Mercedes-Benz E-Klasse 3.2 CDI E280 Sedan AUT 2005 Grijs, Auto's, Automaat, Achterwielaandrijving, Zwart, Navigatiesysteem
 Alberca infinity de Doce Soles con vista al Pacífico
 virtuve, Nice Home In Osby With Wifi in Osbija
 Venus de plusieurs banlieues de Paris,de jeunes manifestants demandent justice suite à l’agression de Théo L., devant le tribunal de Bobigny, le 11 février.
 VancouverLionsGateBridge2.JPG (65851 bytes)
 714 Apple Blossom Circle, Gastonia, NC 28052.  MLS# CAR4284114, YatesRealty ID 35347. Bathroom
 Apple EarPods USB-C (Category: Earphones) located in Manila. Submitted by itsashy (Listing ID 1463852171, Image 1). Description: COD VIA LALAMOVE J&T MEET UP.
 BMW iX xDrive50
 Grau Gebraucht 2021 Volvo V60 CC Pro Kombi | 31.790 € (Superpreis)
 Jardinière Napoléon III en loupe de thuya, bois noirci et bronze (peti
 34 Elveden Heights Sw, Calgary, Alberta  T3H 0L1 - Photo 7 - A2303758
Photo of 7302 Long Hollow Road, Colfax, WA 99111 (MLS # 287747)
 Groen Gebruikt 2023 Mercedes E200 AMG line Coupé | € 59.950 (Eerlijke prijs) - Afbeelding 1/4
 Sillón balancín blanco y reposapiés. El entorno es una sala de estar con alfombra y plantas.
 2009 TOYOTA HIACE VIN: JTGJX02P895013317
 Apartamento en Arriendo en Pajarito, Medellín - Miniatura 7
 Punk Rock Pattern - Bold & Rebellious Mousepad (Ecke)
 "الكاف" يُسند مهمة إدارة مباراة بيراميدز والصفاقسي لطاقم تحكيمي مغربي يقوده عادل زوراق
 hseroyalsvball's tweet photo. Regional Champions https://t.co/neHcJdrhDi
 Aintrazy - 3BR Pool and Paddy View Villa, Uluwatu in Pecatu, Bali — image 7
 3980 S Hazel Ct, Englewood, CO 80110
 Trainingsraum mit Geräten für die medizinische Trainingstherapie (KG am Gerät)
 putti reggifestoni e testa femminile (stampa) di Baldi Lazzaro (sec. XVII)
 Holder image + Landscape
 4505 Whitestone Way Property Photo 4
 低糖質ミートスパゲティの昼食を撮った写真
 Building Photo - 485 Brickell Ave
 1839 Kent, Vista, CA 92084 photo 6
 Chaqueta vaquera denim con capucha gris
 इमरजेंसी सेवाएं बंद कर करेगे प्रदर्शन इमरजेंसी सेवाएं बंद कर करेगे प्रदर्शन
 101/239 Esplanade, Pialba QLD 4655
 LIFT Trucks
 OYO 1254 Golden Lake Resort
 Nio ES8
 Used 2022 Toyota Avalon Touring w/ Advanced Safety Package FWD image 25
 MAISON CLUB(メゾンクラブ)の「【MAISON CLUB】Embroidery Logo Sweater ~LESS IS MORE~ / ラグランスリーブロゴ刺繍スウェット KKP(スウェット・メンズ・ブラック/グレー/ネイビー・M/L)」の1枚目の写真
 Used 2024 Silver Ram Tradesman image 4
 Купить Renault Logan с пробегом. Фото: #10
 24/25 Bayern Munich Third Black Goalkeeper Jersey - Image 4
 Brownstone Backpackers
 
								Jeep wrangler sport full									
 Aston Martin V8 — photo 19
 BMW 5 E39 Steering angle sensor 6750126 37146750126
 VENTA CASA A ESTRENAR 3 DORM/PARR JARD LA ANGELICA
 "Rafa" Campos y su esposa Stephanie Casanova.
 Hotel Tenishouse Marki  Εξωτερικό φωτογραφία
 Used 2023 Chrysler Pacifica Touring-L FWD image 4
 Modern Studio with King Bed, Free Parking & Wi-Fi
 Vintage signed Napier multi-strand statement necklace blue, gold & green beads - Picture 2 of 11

Work request | When a line above includes the word "Apple", please list that line.

Expected answer |
 714 Apple Blossom Circle, Gastonia, NC 28052.  MLS# CAR4284114, YatesRealty ID 35347. Bathroom
 Apple EarPods USB-C (Category: Earphones) located in Manila. Submitted by itsashy (Listing ID 1463852171, Image 1). Description: COD VIA LALAMOVE J&T MEET UP.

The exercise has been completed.